In fact, I'd still argue that your area is more sustainable than others. There's absolutely zero reason that houses should start at 500k where I am. There's no jobs, the weather is shit 6mos of the year, local business are still decimated by "employment shortages" so you can't really shop or go out whenever you want, there's zero logical reason for my area to be so expensive. This happened all over the country. I was shocked to look at zillow in some of the truly nowhere places we drove through Nebraska, South Dakota, Minnesota, etc last week to find houses starting around $300k for crapboxes.
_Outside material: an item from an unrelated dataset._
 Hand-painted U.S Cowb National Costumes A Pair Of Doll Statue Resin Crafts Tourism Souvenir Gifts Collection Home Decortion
These areas are gonna TANK because there's no fundamental reason for the prices to be so high.
You don't have those problems. Kind of like the car market where buying cars with traditionally high resale value makes the most sense right now to mitigate exposure to value crash risk. Your area has always been in high demand with high house values, and that didn't change in the last few years, so probably never will.
There is nothing wrong with the rest of what you said but I’m really starting to feel like 2008 all over again. There are just way too many red flags.
Still, I think we're a far way off from 08.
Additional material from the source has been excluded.